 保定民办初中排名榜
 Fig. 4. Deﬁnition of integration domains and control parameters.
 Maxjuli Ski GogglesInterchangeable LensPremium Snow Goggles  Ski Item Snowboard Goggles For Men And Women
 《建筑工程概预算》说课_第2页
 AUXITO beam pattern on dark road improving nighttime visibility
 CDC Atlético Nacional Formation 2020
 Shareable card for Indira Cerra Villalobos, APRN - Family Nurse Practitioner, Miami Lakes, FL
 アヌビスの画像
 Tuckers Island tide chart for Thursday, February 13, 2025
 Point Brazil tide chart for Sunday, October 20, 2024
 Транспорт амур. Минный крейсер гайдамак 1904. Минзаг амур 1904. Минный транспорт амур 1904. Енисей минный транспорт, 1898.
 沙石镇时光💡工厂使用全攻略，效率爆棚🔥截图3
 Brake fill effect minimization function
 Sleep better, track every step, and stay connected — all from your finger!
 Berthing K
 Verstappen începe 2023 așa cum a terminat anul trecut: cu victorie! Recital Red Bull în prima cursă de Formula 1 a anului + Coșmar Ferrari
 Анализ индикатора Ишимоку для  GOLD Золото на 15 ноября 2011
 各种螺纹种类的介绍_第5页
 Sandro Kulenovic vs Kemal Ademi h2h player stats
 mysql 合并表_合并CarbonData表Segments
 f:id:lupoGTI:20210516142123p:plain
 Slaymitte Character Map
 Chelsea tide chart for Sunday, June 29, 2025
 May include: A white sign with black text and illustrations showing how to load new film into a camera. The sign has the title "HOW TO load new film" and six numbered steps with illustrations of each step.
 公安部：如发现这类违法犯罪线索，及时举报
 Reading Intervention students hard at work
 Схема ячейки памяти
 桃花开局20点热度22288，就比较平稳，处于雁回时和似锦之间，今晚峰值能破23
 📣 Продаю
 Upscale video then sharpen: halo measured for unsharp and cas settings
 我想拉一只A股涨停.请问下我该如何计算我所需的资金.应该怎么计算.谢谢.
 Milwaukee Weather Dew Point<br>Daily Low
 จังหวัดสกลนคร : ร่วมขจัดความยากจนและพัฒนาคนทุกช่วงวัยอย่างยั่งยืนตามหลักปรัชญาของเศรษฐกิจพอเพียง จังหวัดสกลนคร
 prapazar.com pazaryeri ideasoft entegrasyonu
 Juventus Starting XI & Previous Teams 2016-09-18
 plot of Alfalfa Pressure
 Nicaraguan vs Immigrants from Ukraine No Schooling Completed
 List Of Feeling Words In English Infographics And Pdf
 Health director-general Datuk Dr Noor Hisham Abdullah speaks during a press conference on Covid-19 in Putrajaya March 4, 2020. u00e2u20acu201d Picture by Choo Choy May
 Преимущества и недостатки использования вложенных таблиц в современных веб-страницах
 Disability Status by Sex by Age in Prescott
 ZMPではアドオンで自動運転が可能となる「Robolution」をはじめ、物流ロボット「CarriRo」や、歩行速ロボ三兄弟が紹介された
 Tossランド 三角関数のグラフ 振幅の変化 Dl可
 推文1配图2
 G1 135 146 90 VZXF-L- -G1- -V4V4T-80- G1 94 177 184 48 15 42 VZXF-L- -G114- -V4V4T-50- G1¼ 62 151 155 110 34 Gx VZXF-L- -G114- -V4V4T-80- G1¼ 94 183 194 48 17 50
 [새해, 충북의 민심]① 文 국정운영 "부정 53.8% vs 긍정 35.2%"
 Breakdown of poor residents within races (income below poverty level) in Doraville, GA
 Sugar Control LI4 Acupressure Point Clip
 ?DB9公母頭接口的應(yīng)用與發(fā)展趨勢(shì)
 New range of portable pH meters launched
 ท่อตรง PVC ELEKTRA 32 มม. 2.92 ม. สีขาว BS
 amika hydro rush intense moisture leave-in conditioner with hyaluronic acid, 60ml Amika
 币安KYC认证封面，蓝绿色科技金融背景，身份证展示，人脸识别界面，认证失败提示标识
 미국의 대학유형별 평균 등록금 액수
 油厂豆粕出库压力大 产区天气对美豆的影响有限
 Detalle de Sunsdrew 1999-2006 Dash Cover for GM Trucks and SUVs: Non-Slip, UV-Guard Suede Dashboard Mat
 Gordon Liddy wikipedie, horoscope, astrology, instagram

■ Directions: Return exactly, please, the lines of the material from the first one down to and including the line where "Milwaukee Weather Dew Point<br>Daily Low" appears.

■ Your response:
 保定民办初中排名榜
 Fig. 4. Deﬁnition of integration domains and control parameters.
 Maxjuli Ski GogglesInterchangeable LensPremium Snow Goggles  Ski Item Snowboard Goggles For Men And Women
 《建筑工程概预算》说课_第2页
 AUXITO beam pattern on dark road improving nighttime visibility
 CDC Atlético Nacional Formation 2020
 Shareable card for Indira Cerra Villalobos, APRN - Family Nurse Practitioner, Miami Lakes, FL
 アヌビスの画像
 Tuckers Island tide chart for Thursday, February 13, 2025
 Point Brazil tide chart for Sunday, October 20, 2024
 Транспорт амур. Минный крейсер гайдамак 1904. Минзаг амур 1904. Минный транспорт амур 1904. Енисей минный транспорт, 1898.
 沙石镇时光💡工厂使用全攻略，效率爆棚🔥截图3
 Brake fill effect minimization function
 Sleep better, track every step, and stay connected — all from your finger!
 Berthing K
 Verstappen începe 2023 așa cum a terminat anul trecut: cu victorie! Recital Red Bull în prima cursă de Formula 1 a anului + Coșmar Ferrari
 Анализ индикатора Ишимоку для  GOLD Золото на 15 ноября 2011
 各种螺纹种类的介绍_第5页
 Sandro Kulenovic vs Kemal Ademi h2h player stats
 mysql 合并表_合并CarbonData表Segments
 f:id:lupoGTI:20210516142123p:plain
 Slaymitte Character Map
 Chelsea tide chart for Sunday, June 29, 2025
 May include: A white sign with black text and illustrations showing how to load new film into a camera. The sign has the title "HOW TO load new film" and six numbered steps with illustrations of each step.
 公安部：如发现这类违法犯罪线索，及时举报
 Reading Intervention students hard at work
 Схема ячейки памяти
 桃花开局20点热度22288，就比较平稳，处于雁回时和似锦之间，今晚峰值能破23
 📣 Продаю
 Upscale video then sharpen: halo measured for unsharp and cas settings
 我想拉一只A股涨停.请问下我该如何计算我所需的资金.应该怎么计算.谢谢.
 Milwaukee Weather Dew Point<br>Daily Low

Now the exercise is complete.